Run the generation of the valid part of the softmax output using the model located in the /data/models/model3 directory.
Open the image in QGIS.

Comparison with the vanilla output¶

The following animation alternates between the softmax of the class 1 (buildings) computed from the original output (estimated) and the cropped output with the valid part (estimated_crop32). The softmax values are stretched between [0, 1] to be displayed in a gray-level image.

Comparison between the output used to train the network and the output with
the valid part

Dig deeper 🚀¶

We propose to measure the convolutional distortion of the network, e.g. the difference (e.g. mean squared error) between the valid part, and the original output, for a number of cropping values.
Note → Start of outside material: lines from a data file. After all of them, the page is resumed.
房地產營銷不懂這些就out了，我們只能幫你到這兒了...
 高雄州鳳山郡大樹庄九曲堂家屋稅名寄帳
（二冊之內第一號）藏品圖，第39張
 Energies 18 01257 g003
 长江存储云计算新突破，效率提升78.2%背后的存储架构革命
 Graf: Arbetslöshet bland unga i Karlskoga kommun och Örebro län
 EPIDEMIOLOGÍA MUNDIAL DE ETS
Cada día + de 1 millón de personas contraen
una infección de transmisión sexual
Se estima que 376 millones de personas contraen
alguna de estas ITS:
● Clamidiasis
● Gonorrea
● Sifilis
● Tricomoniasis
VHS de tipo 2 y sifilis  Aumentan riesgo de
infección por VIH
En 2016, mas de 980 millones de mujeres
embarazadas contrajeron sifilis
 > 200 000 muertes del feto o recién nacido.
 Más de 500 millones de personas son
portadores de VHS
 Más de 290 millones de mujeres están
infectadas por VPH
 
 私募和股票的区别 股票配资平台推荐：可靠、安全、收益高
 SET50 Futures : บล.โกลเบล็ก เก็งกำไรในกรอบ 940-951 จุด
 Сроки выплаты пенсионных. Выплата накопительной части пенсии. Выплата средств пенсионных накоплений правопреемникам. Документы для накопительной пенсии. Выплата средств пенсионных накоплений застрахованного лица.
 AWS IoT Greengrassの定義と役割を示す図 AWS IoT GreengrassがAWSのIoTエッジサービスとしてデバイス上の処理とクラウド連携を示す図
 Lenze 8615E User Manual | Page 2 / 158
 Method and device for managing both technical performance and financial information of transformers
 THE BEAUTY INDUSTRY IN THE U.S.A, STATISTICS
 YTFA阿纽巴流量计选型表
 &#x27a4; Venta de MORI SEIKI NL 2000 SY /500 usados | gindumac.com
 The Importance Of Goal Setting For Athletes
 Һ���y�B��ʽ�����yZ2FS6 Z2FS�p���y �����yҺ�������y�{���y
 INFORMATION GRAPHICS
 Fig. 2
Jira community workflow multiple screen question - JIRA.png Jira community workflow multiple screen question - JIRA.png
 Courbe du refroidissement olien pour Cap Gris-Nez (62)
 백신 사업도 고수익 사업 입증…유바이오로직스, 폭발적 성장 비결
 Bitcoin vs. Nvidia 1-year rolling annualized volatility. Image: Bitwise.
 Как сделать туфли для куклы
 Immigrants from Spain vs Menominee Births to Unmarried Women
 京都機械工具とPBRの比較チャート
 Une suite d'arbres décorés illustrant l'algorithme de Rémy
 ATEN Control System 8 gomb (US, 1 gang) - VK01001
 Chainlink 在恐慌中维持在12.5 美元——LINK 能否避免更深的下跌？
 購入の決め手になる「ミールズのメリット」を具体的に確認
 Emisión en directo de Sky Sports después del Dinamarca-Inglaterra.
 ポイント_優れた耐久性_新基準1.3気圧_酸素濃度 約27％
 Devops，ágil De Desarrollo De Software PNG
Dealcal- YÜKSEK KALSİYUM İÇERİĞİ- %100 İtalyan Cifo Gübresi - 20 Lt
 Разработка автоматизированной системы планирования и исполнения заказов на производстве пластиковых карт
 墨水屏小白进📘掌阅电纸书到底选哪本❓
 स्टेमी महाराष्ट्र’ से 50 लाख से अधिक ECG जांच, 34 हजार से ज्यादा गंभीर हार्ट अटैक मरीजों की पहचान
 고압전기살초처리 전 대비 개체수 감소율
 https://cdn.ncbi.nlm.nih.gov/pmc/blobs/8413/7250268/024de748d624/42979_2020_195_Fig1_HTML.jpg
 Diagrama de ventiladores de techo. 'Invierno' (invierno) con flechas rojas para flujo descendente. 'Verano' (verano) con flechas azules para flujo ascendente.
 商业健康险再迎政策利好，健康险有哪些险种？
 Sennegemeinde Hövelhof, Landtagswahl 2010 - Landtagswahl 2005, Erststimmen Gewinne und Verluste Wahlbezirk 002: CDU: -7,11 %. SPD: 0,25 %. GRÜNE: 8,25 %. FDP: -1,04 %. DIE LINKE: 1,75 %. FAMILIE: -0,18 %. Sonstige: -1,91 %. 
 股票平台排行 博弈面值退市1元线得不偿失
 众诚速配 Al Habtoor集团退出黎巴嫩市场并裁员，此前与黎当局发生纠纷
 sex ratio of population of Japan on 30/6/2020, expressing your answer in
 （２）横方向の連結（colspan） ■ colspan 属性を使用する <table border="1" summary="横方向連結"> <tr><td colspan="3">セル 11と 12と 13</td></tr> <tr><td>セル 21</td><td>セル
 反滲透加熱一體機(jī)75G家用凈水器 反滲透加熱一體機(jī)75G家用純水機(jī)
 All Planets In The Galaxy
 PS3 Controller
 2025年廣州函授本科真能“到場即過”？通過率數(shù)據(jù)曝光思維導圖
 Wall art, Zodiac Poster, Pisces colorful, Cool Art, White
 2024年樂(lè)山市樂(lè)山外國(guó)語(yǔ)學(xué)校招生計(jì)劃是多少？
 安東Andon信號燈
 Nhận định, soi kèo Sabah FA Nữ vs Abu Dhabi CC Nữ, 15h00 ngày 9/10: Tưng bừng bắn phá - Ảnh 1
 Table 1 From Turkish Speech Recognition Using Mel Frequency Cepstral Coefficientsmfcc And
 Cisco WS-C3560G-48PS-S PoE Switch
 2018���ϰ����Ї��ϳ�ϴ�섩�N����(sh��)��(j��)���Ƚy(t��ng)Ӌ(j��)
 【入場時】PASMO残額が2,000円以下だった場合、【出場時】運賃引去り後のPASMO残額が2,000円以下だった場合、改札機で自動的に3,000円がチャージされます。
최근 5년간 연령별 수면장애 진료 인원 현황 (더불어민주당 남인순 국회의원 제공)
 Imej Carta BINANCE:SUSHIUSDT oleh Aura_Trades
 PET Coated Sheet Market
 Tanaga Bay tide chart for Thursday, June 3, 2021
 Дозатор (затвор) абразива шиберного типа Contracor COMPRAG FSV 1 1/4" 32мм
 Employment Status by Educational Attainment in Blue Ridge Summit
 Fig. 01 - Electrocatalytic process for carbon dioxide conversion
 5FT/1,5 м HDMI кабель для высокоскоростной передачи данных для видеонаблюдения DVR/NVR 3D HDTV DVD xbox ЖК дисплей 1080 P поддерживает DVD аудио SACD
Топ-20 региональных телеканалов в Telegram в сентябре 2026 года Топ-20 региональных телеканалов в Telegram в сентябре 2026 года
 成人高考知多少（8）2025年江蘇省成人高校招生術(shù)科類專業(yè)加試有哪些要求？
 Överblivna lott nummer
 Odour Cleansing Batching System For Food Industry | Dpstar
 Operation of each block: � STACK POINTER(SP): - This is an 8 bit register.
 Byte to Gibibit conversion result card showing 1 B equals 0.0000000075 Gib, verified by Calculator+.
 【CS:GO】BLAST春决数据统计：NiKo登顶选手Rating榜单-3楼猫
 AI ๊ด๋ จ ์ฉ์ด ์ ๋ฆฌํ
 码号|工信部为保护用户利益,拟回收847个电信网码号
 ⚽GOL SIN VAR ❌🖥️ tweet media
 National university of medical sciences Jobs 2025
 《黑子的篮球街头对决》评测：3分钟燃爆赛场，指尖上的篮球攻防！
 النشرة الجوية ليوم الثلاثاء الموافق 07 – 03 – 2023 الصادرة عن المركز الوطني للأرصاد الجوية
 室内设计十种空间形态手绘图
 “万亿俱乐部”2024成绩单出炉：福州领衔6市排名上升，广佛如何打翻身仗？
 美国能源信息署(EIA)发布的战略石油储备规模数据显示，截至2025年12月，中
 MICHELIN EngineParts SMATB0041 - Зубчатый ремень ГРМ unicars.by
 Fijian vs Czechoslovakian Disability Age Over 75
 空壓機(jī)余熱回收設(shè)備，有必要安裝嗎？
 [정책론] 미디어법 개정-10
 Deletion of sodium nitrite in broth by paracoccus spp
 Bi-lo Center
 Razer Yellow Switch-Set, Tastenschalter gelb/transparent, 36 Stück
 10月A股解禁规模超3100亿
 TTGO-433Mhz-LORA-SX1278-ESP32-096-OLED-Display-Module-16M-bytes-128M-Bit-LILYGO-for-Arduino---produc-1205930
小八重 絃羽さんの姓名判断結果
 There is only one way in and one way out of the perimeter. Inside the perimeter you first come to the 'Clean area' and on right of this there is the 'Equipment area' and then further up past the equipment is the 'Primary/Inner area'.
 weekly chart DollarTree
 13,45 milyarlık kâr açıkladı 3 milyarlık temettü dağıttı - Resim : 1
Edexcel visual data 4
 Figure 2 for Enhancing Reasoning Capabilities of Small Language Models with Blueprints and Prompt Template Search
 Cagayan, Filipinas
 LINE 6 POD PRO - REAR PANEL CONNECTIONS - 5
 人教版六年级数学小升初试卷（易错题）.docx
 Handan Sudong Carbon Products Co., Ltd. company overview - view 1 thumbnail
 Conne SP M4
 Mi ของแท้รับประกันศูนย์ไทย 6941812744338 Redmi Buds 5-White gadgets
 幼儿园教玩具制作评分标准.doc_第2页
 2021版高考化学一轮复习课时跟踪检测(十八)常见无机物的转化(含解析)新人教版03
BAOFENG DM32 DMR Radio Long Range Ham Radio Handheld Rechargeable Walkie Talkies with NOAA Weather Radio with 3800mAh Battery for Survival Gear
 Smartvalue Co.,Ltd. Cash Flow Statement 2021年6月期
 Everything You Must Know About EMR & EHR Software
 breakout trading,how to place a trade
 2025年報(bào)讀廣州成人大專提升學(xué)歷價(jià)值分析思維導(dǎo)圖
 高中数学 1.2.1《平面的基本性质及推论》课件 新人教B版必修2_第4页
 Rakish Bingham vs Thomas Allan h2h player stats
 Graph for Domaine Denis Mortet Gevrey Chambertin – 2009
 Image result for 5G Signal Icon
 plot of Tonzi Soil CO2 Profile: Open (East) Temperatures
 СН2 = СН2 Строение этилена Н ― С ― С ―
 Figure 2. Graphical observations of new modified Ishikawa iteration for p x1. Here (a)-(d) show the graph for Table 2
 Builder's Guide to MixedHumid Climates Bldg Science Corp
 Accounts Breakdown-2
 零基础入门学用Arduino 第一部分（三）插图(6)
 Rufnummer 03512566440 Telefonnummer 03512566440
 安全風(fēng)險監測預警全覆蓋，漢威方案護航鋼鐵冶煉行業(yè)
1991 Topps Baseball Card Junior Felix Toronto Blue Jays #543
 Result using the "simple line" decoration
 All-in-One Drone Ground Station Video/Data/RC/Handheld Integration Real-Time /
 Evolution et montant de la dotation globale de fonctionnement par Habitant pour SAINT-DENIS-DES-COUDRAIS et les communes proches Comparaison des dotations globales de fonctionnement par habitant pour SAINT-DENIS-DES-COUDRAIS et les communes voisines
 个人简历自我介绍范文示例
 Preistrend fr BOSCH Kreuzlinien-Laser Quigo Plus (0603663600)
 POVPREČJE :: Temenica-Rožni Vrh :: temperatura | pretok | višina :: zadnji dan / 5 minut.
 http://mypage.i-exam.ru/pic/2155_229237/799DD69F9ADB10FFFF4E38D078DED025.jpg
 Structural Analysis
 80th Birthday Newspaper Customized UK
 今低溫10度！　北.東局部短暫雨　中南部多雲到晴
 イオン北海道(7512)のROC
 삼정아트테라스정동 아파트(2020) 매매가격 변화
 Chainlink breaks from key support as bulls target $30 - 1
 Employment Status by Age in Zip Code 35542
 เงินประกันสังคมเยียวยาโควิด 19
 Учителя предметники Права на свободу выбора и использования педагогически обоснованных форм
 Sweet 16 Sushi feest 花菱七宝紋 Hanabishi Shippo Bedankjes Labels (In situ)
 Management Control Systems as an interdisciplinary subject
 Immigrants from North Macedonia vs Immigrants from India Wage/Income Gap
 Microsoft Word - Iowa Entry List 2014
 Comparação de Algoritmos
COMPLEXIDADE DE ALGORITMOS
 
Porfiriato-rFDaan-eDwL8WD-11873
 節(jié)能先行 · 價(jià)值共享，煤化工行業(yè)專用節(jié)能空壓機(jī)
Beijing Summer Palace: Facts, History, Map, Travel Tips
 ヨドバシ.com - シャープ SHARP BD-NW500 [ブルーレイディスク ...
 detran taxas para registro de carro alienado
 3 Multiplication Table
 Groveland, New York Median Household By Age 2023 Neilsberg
The idea is to show the compromise between the numerical exactness and the computational footpring.

Question

Create a deeper model with a larger theoretical cropping value, and specify additional cropping values with the inference_cropping argument in the model's __init__() (e.g. inference_cropping=[8, 16, 24, 32, 48, 64, 80, 96, 112, 128, 192, 256])
Create a python script that measures the convolutional distortion for the possible cropping values. You can use the ExtractROI OTB application to extract a portion of a geospatial image that fits a reference image, the BandMathX with a scalar product to compute the squared error between two images, and the ComputeImageStatistics to compute the mean value of an image.

You can use the following function as a helper:

import pyotb

...
def compute_rmse_value(ref, img):

  # Extract an ROI fitting the reference image
  roi = pyotb.ExtractROI(
    img,
    mode="fit",
    mode_fit_im=ref
  )

  # Compute the squared error between the ref and img
  se = pyotb.BandMathX(
    il=[roi, ref],
    exp="(im1-im2)*(im1-im2)'"
  )

  # Compute and return the root mean squared error
  stats = pyotb.ComputeImagesStatistics(se)
  return stats["out.mean"][0] ** 0.5